● **Input data**
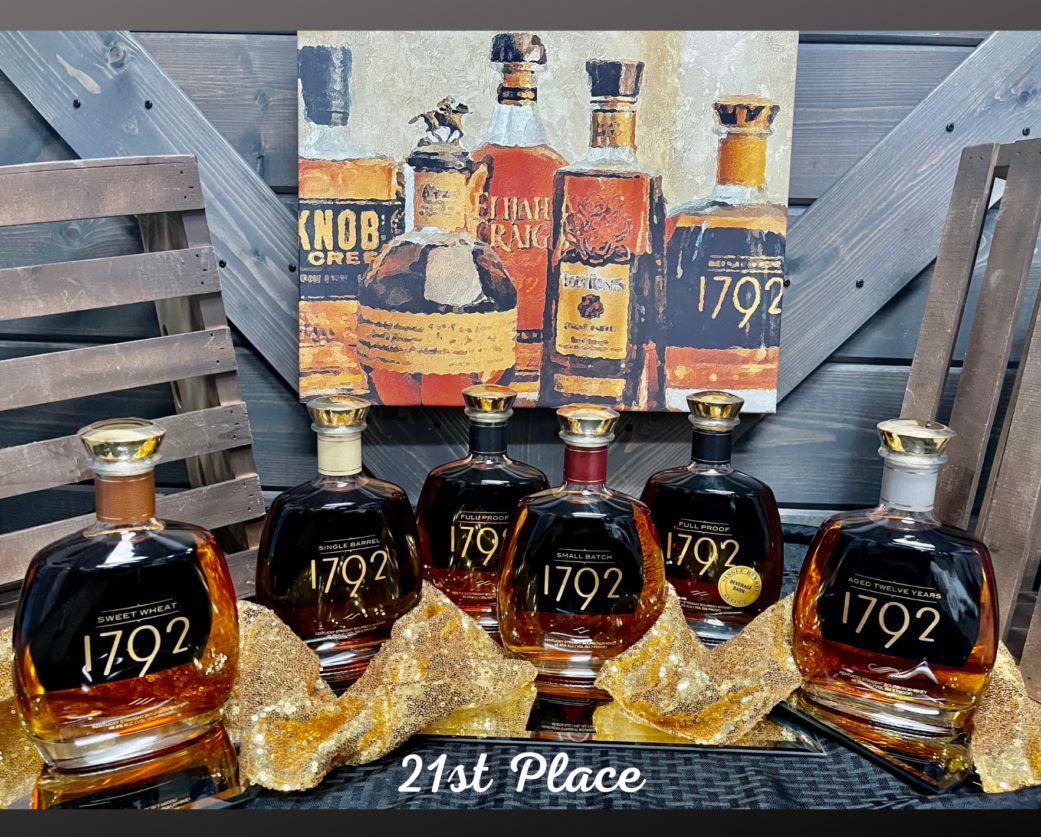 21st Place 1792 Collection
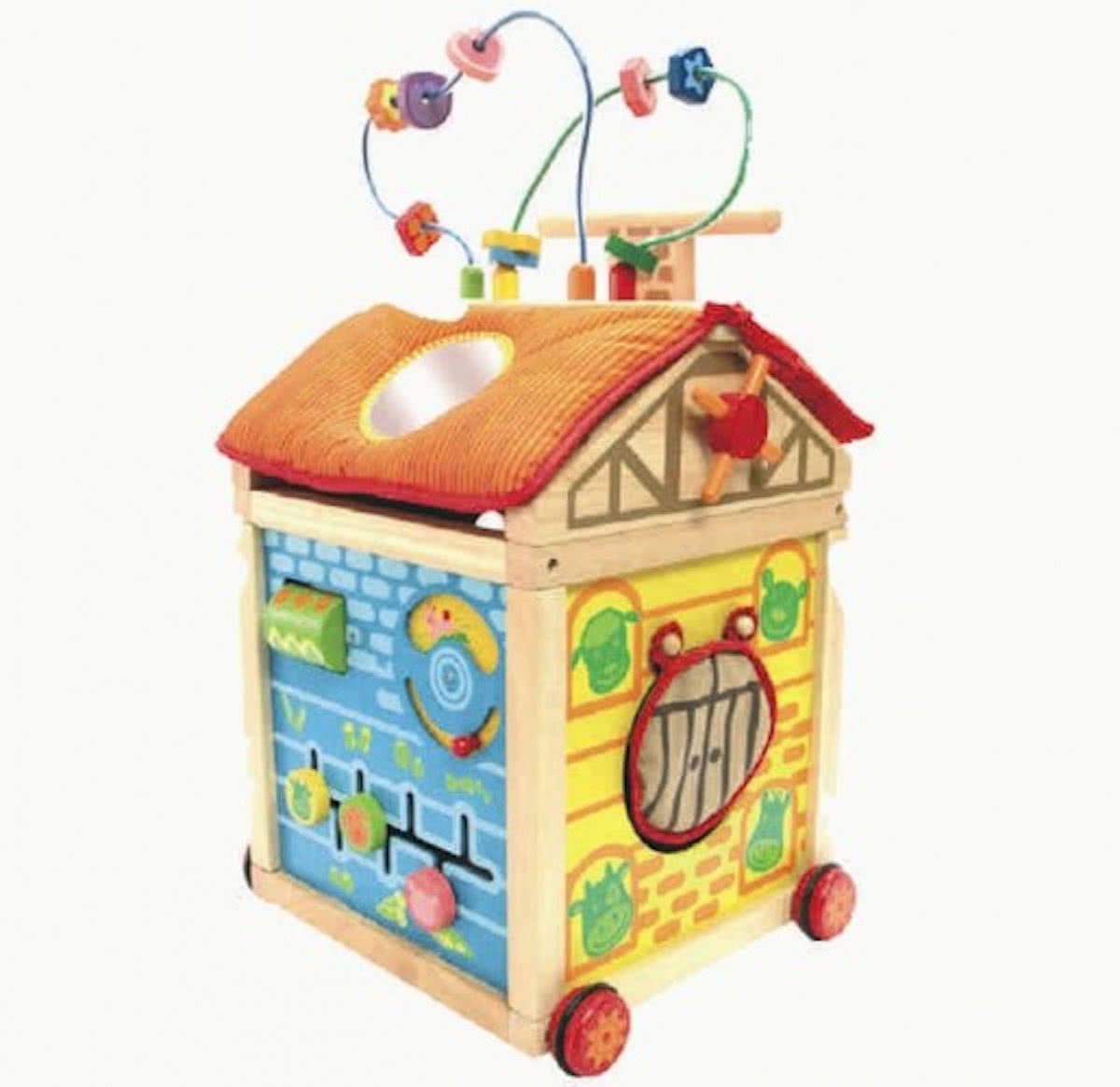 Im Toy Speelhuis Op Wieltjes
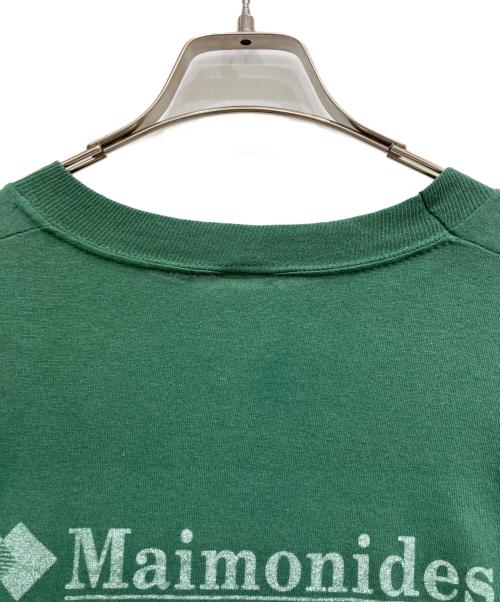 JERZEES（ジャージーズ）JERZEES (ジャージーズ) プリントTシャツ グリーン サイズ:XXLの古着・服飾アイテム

--

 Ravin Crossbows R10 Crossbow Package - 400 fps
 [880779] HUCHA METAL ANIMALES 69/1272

--

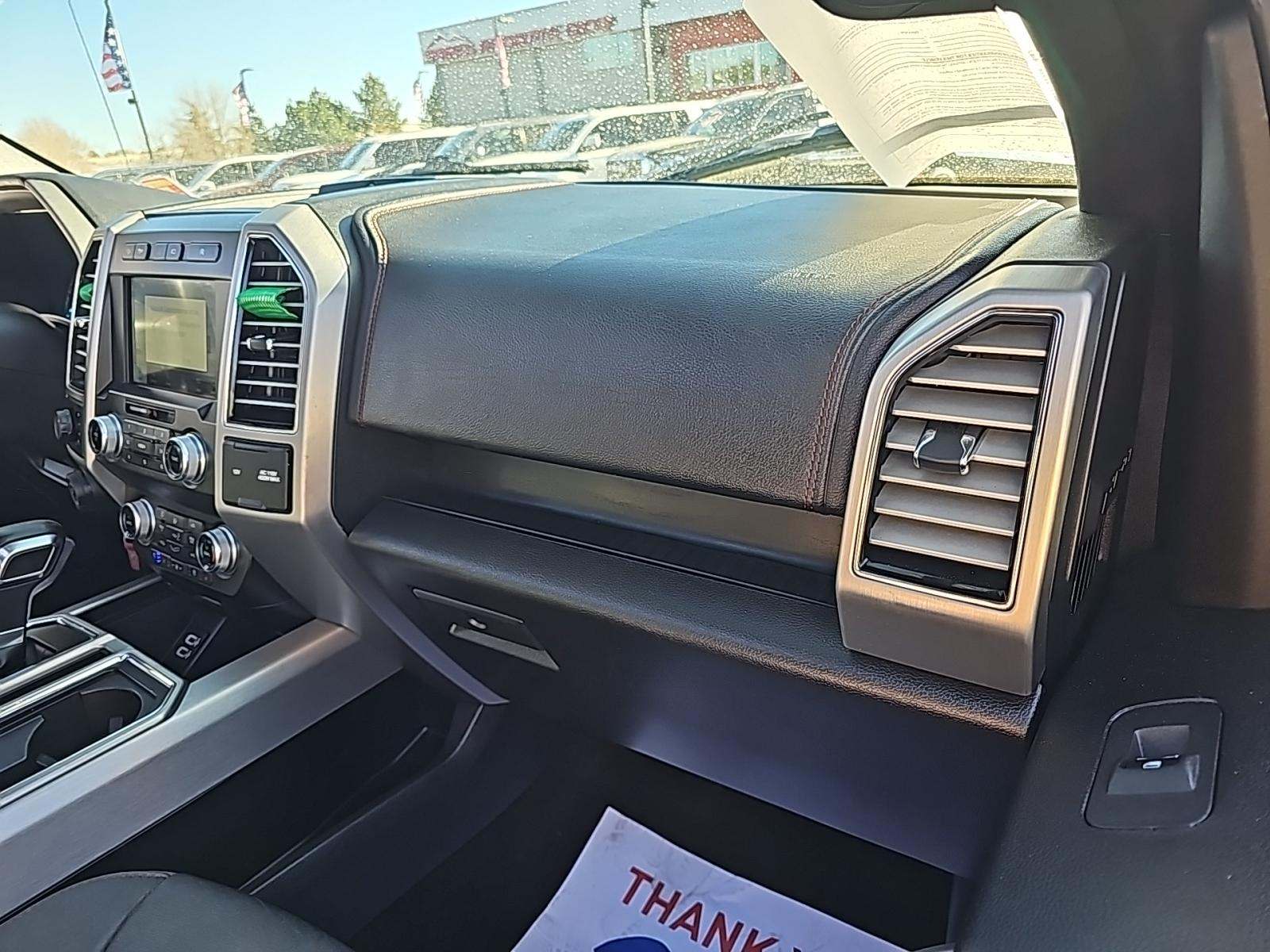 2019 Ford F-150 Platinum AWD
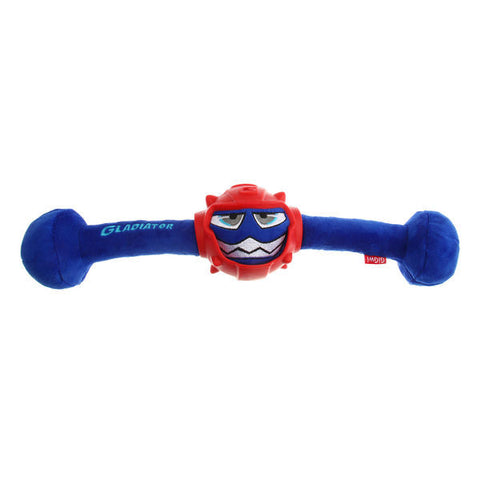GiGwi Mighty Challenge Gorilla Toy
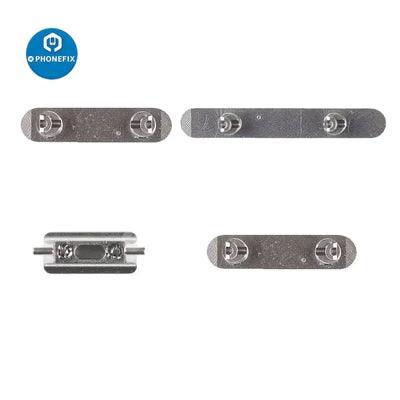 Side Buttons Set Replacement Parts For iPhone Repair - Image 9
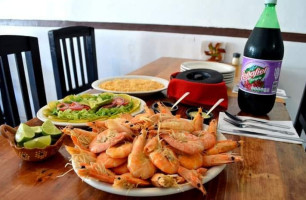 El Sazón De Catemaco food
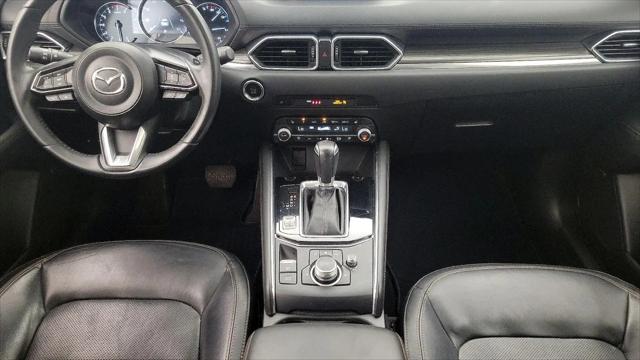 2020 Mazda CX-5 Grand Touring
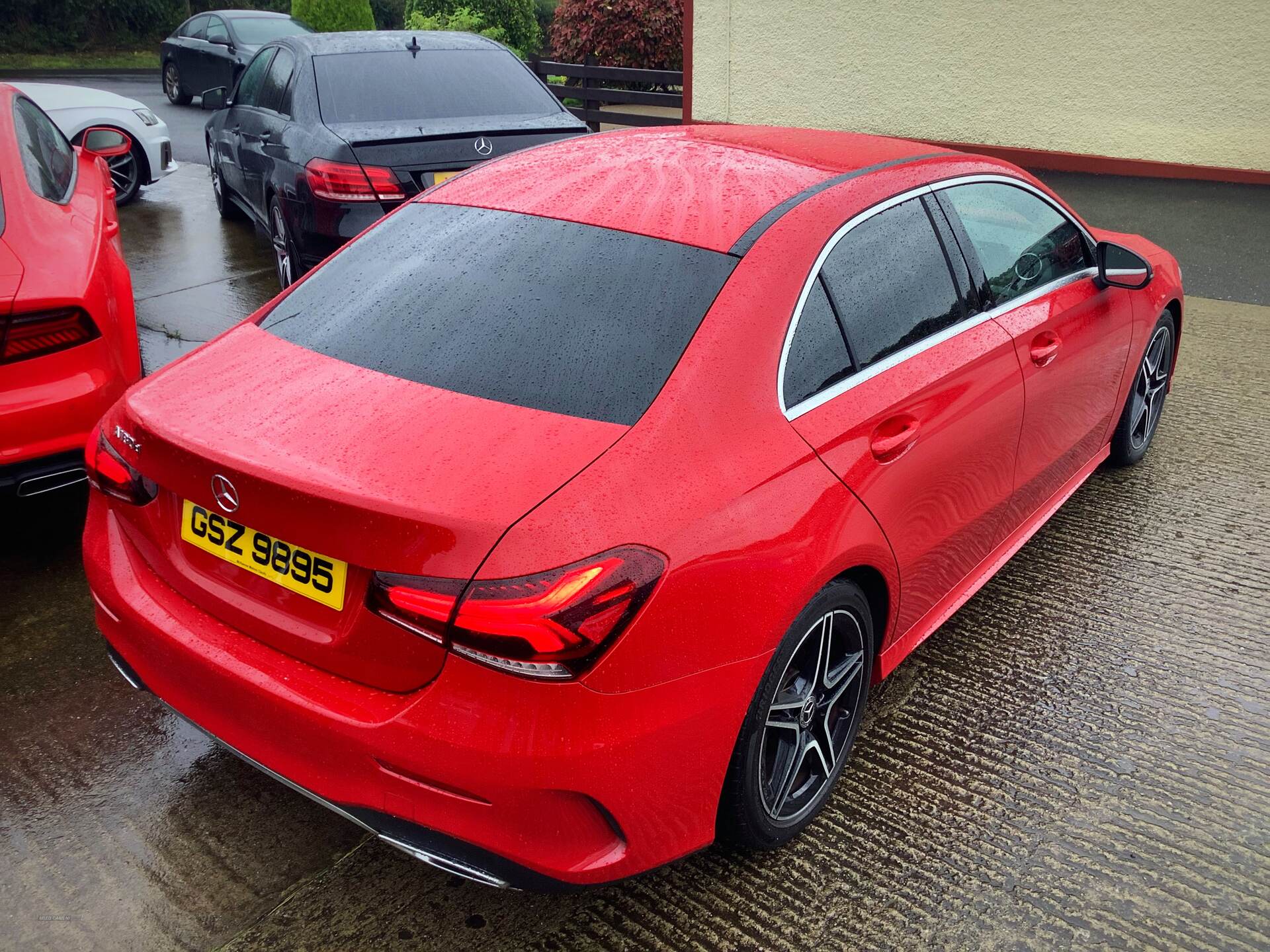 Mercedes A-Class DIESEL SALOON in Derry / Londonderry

● **Work request**
What's needed is an exact copy of the lines above from the one with "2020 Mazda CX-5 Grand Touring" through the one with "Mercedes A-Class DIESEL", both included; the pictures stay out.

● **Completed task**
 2020 Mazda CX-5 Grand Touring
 Mercedes A-Class DIESEL SALOON in Derry / Londonderry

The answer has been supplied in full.